TASK BRIEF - The response should consist of the data below, copied exactly, with no pictures in it.
*** Opening RECORDS SUPPLIED ***
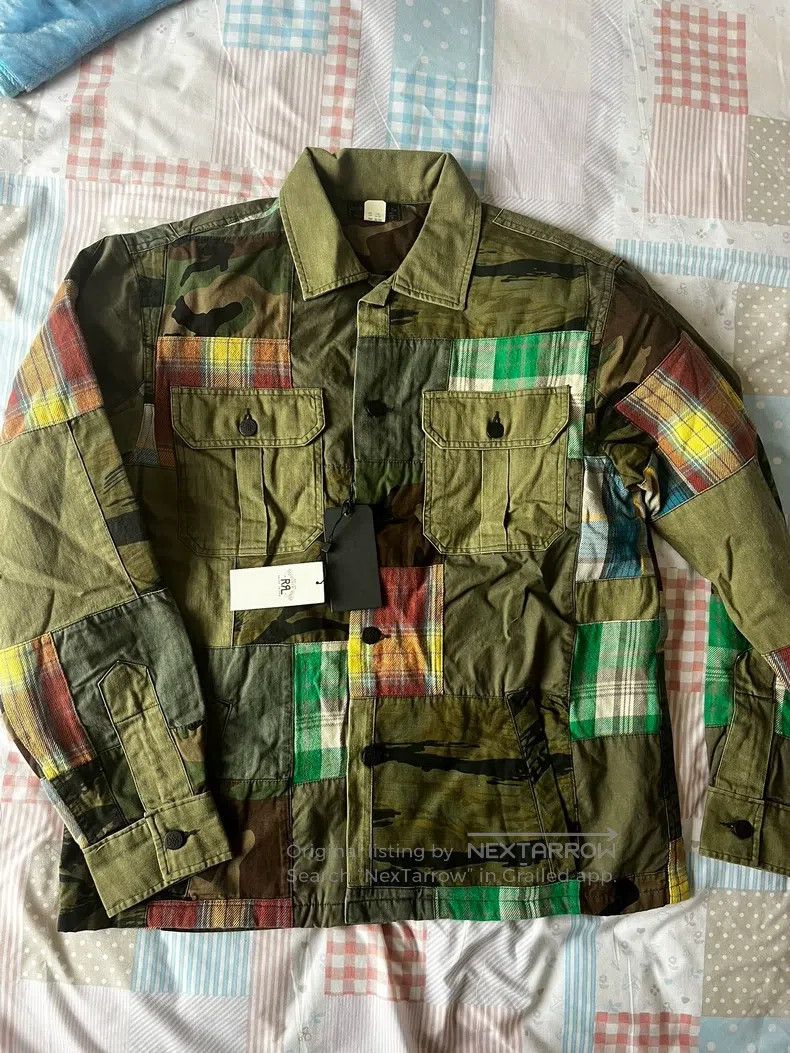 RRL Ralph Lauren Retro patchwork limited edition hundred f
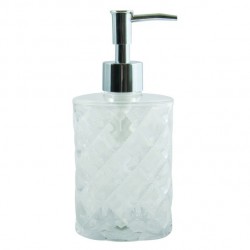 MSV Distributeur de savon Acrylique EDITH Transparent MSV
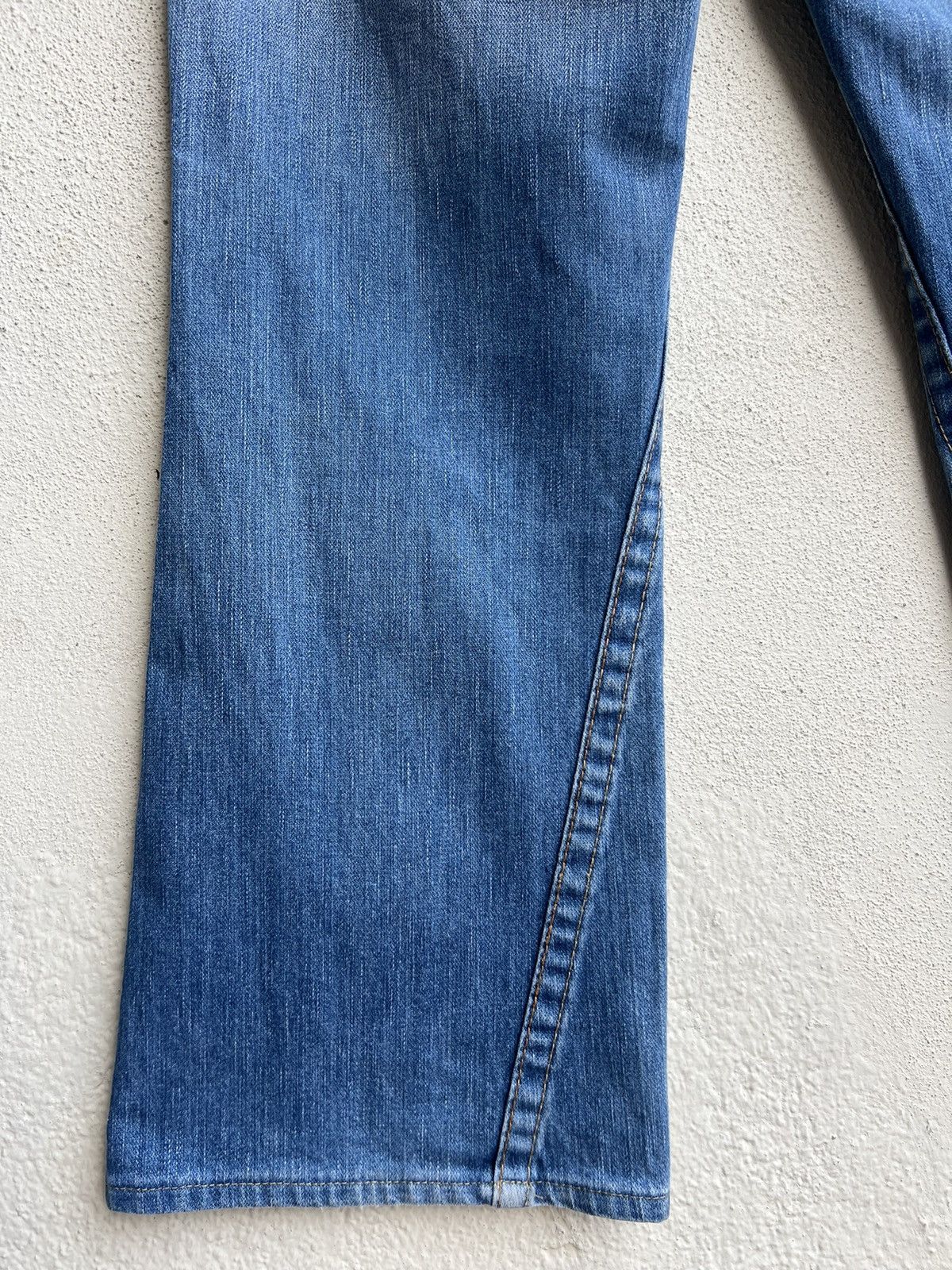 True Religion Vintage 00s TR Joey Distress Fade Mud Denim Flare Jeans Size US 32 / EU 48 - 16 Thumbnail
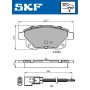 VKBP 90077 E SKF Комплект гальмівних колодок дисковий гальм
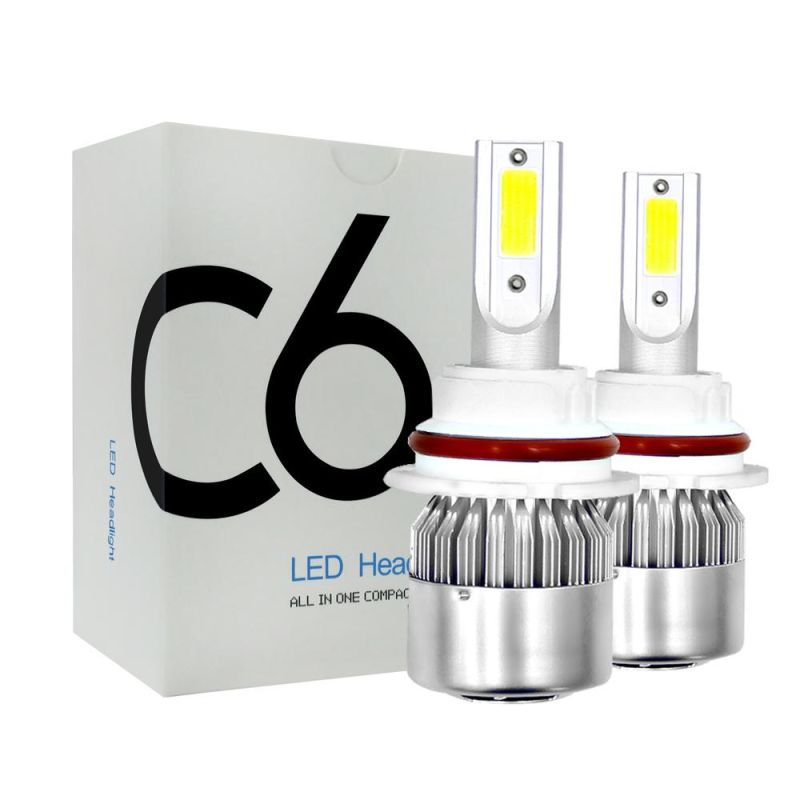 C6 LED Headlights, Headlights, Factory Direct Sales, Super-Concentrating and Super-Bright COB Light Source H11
*** Closing RECORDS SUPPLIED ***
RESPONSE AREA -
 RRL Ralph Lauren Retro patchwork limited edition hundred f
 MSV Distributeur de savon Acrylique EDITH Transparent MSV
 True Religion Vintage 00s TR Joey Distress Fade Mud Denim Flare Jeans Size US 32 / EU 48 - 16 Thumbnail
 VKBP 90077 E SKF Комплект гальмівних колодок дисковий гальм
 C6 LED Headlights, Headlights, Factory Direct Sales, Super-Concentrating and Super-Bright COB Light Source H11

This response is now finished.